April Showers – Galaxy Flowers

April 1st, 2009

  

Because April 1st jokes are for chumps.

And another year closes on the domain as it sort of approaches its arbitrarily stated birthday. It’s been fun. I hope it continues to be. That’s enough of a birthday speech for me. April 1st jokes are pretty much always terrible anyway, and since there are three new shows airing this April 1st, I really don’t think I have the patience to deal with that. Consider this an early announcement through my days off that Wednesday will be as normal as planned I suppose.

Sadly, unlike last year, I don’t have anything particularly interesting to report as the site reaches another arbitrary and contrived milestone of existence.

    

However, it’s not from a lack of trying. The Galaxy Angel theme is no accident. I really have seriously been trying to get a translation project going for this for a couple months now, but unlike BMW, there wasn’t some cheesy ready made tool for decompression so I’ve been reliant on the goodwill of others for tools to get at it, and frankly, my faith in humanity has taken a bit of a hit here. Translation is actually not that big of a deal here.
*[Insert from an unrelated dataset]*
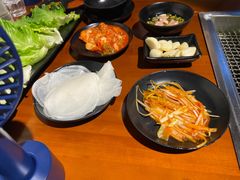 -肉甲韩国木炭烤肉(新壹街1店)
GA’s a pretty short game, and unlike BMW, doesn’t have the fun of being some kind of crazy corrupted secondhand fanwork. The script files are also in a pretty easily editable form of what appears to be a Pascal derivitive (although I don’t even know how or why I think it looks like Pascal). 

Then again, after going through the first chapter, I’ve been completely underwhelmed by what has already been translated by the western world, especially given how westernized Galaxy Angel already is. Half the status screens are in English, and every character’s name came romanized from the very start. Then again, they did decide to retcon Elsior into Elle Ciel after the first series had finished, so Broccoli probably can’t be trusted with English anyway.

Galaxy Angel OP

Despite various protestations from assorted people I’ve talked to that "oh, hacking this would be easy and shouldn’t take more than like, 30 minutes," apparently the game’s not worth those 30 minutes of their time and have completely buggered off, leaving me with a tool about 1/3rd finished in some kind of horrible fetus-like disgusting spawned state. Here’s the code I’ve been left along with somebody else’s (who asked to remain anonymous) analysis of what needs to be done next.

http://bmw.seiha.org/ga_unpack.c
http://bmw.seiha.org/z0_unpack.c

http://bmw.seiha.org/dathelpmaybe.log

I went ahead and threw together a Windows binary as well of the code as well.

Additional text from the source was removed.